Debtors' motions to extend exclusivity periods for filing their plans and for obtaining acceptances to those plans are granted. Case is large and complex and involves significant amounts of litigation; debtors are not merely attempting to prolong the reorganization process for the purpose of pressuring creditors to accede to their plans; objecting creditors will not be unduly prejudiced by the reasonable extensions requested.

CONDER (12/20/95) (196 B.R. 104)

Debtor did not "embezzle" loan proceeds used to purchase truck. Embezzlement under 11 U.S.C. § 523(a)(4) is the fraudulent appropriation of property by a person to whom the property has been entrusted, and creditor must prove that debtor used property for a purpose other than that for which it was intended. Debtor used loan proceeds to purchase truck, as contemplated by the parties. Thereafter, when parties discovered truck was actually stolen property, debtor's use of the refund to purchase another truck, rather than return the refund to the bank, did not constitute embezzlement because the truck was the debtor's property, not the creditor's. The creditor held merely a security interest in the property. Further, there was no injury within the meaning of 11 U.S.C. § 523(a)(6) because the debtor had an honest belief that the bank's lien no longer existed.

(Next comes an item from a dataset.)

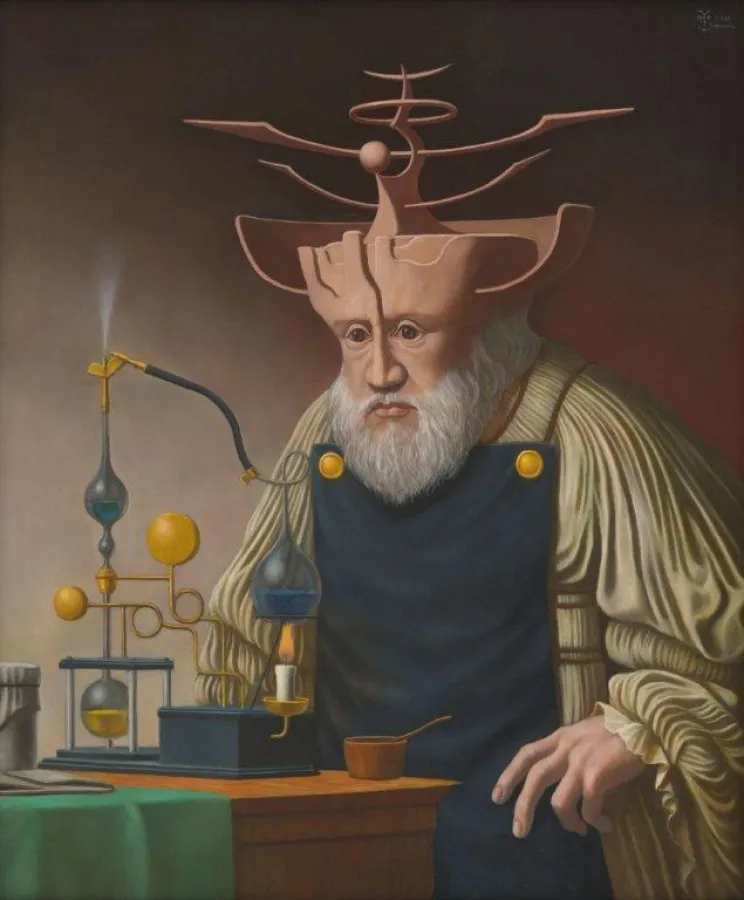 Der Alchemist von Yu Sugawara, Japan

COSMOS TRUST (12/18/87) (Unpublished)

Defendant-debtor's motion for default judgment as to its counterclaim against plaintiff USA-IRS is granted. Plaintiff failed to timely answer defendant's counterclaim and has not met standard for excusable neglect pursuant to B.R. 9006(b). Citing Redfield v. Continental Casualty Corp., 818 F.2d 596 (7th Cir. 1987).

CRAWFORD (7/23/01) (2001 WL 1136919)

Shortly before debtor filed for bankruptcy he filed his federal income tax return for the previous year and was entitled to a refund. Approximately one month after the tax return was filed, the IRS applied the refund to debtor's 1993 federal income tax deficiency. The IRS filed a proof of claim for unsecured priority (for 1995 and 1996) and non-priority ( for 1993 and 1994) taxes due. Debtor then brought this adversary proceeding seeking to reallocate the funds set off by the IRS and objecting to its claim of priority for the 1995 taxes. The parties agreed tht the IRS had a valid right to setoff under § 553(a). Debtor contends that it is inequitable to permit the IRS to setoff against non-priority debts, rather than priority debts, because this gives teh IRS a preference over other general creditors. However, a setoff under § 553 is a preference condoned under the Code and an exception to the bankruptcy principle of equal distribution among creditors. It was determined that the IRS had properly exercised its ability to offset in this case. It was further determined that because the due date for the debtor's 1995 tax return fell outside the three year period preceding his bankruptcy case, the 1995 taxes would ordinarily not be entitled to priority under § 507(a)(8). There was an added wrinkle in the case, however, since the debtor had previously filed bankruptcy in 1996 and was discharged in 1997. The IRS argued that the three-year period of § 507(a)(8) was tolled during the period of the prior bankruptcy case and for an additional six months thereafter. It was determined that § 6503(h) is given effect by § 108(c) and that the two provisions operate jointly to toll the three-year period in § 507(a)(8) when the taxpayer's assets are tied up in a court proceeding. It was further determined that the 1995 taxes are entitled to priority under § 507(a)(8).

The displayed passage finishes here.